Researchers Built Their Own ISP to Fix the Internet– A Decade Later, It’s Still Running
When a major service provider like Amazon or Cloudflare goes offline because of a routing error, as has happened in recent weeks, network engineers have to fix a problem they can’t see. Somewhere in the Internet’s routing system, traffic is being sent to the wrong place—maybe halfway across the world. But studying these failures used to be impossible. You couldn’t experiment with Internet routing without being an Internet service provider (ISP) yourself.
The solution? Build your own testbed ISP.
In 2014, Nick Feamster and his colleagues published “PEERING: An AS for Us“, describing a testbed that let researchers experiment with the Internet’s routing infrastructure for the first time. That work recently received the Test of Time Award from the ACM SIGCOMM Internet Measurement Conference. (The term “AS” in the paper’s title refers to “Autonomous System”, which is a technical term for an independently operated network like an ISP).
The project started under GENI (Global Environment for Network Innovations), an NSF-funded program with an ambitious goal: design a future Internet architecture. GENI built infrastructure to let researchers experiment with networking at scale. The system that eventually became PEERING was called Transit Portal, infrastructure that Feamster and his Ph.D. student Valas Valancius developed at Georgia Tech to give researchers access to interdomain routing.
“The GENI and FIND programs had a vision of letting researchers actually experiment with Internet infrastructure and architectures, not just simulate it,” Feamster said. “I had this idea that it should be possible to experiment with Internet routing on the real Internet. Transit Portal was our way of making that a reality. Actually getting it working—building the control plane, the safety mechanisms, the whole system—was a huge design and implementation lift. Valas really got it off the ground.”
Transit Portal leveraged Internet Exchange Points (IXPs), the points in the Internet where networks connect to exchange traffic directly. By connecting to other service providers directly at IXPs, the testbed could peer with hundreds of networks and announce routes just like a real ISP. But the Transit Portal also needed safeguards. Servers sat between researchers and the live network, filtering routes and enforcing policies so a bad experiment couldn’t break anything.

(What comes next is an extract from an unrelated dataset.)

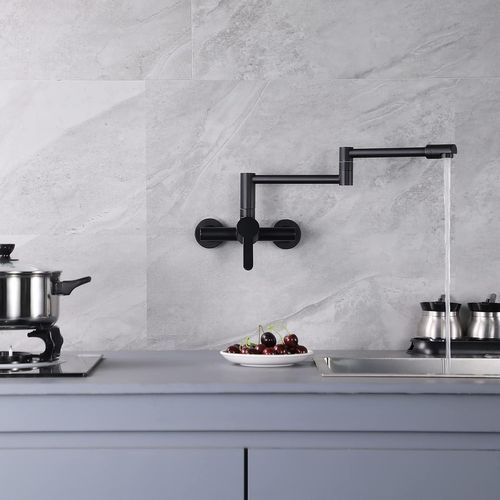 Robinet De Cuisine Mural Robinet De Cuisine Robinet D'évier Pivotant Robinet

“The challenge wasn’t just technical,” Feamster said. “We had to convince operators at major IXPs like AMS-IX in Amsterdam to let us plug academic research infrastructure into their production network. That required trust, and we had to earn it.”
After the GENI program ended, Transit Portal might have disappeared like so many research prototypes do when funding ends and students graduate. Instead, Professor Ethan Katz-Bassett and his team at USC, and later at Columbia, took over leadership of the project and continue to maintain it to this day. They expanded it to more IXPs, maintained the infrastructure, developed new capabilities, and continue to actively support the research community’s use of the testbed.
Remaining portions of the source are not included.